■ **INSTRUCTIONS FOR THE TASK**
Give the whole listing below once more, exactly, without pictures.

■ **DATA SHOWN**
::::::

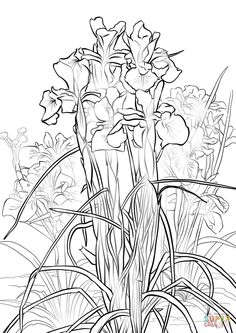 Coloring English Iris Page Free Printable Pages On Coloringcrew Click The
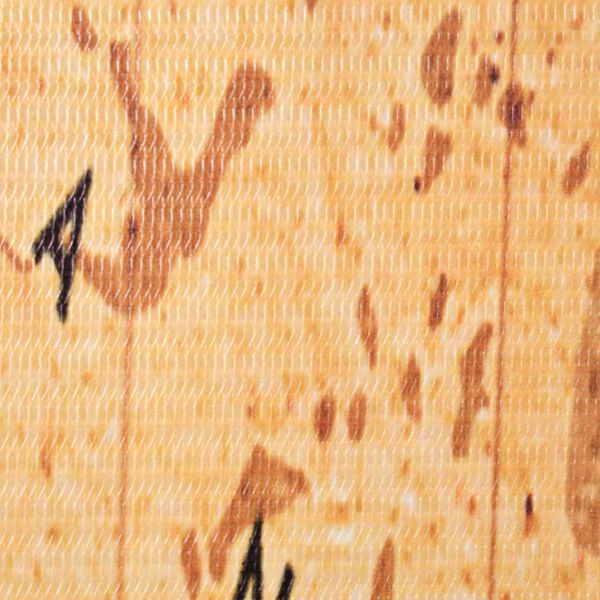 vidaXL Сгъваем параван за стая, 160x170 см, карта на света, жълт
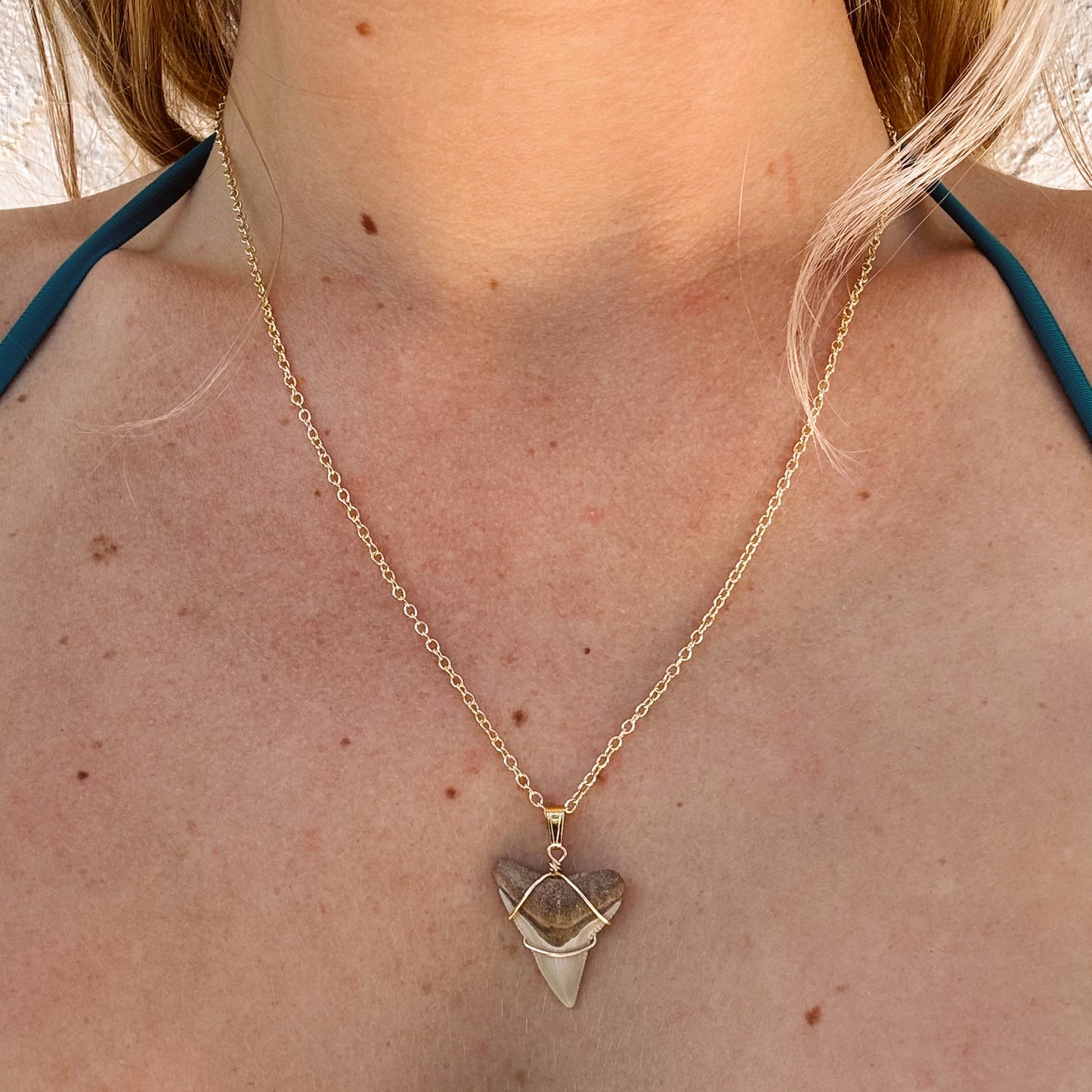 bullshark pendant necklace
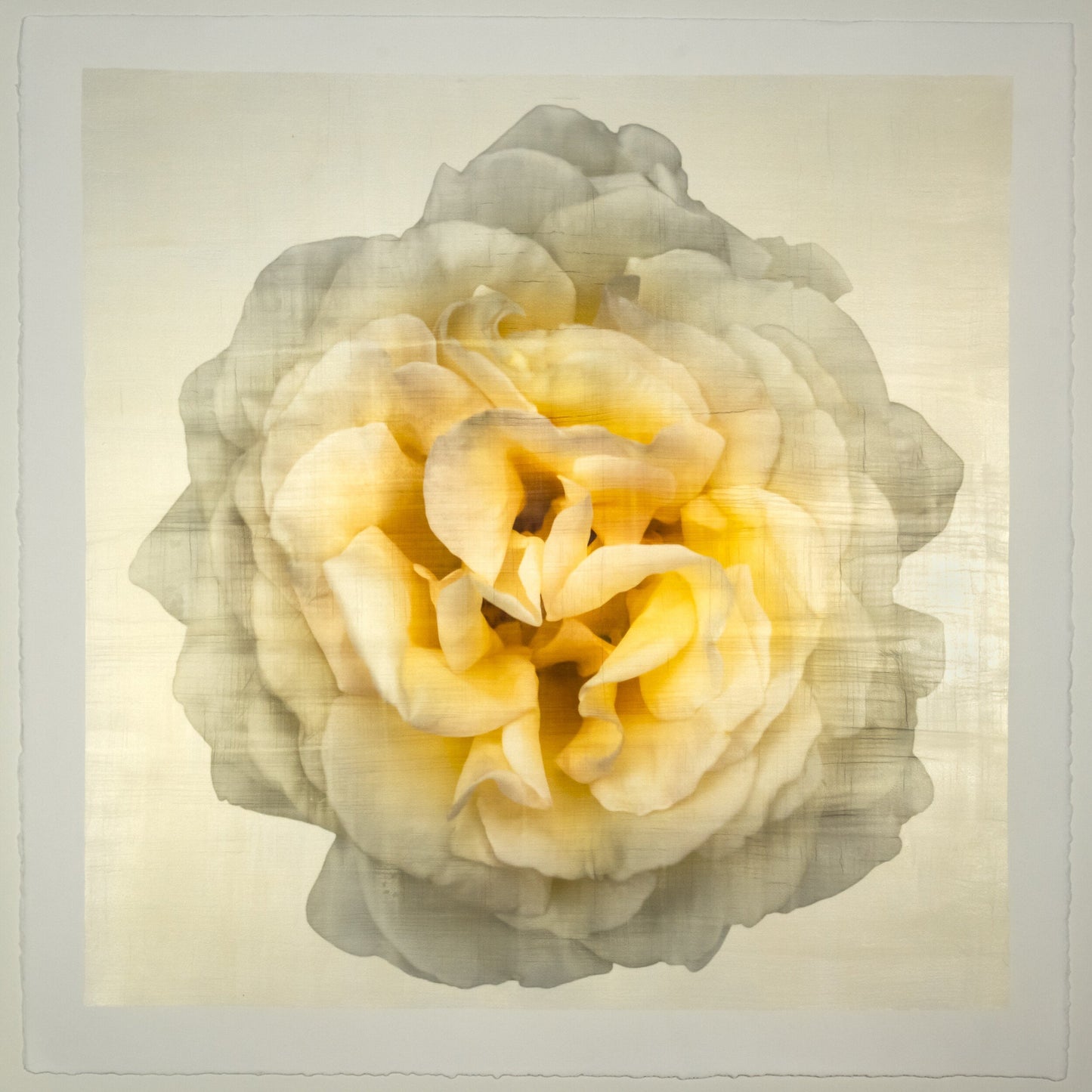 Yellow Rose Print double bloom flower with billowing silvery outer petals, golden background, square shape 20” cotton paper wall art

::::::

■ **SOLUTION TO THIS PROBLEM**
 Coloring English Iris Page Free Printable Pages On Coloringcrew Click The
 vidaXL Сгъваем параван за стая, 160x170 см, карта на света, жълт
 bullshark pendant necklace
 Yellow Rose Print double bloom flower with billowing silvery outer petals, golden background, square shape 20” cotton paper wall art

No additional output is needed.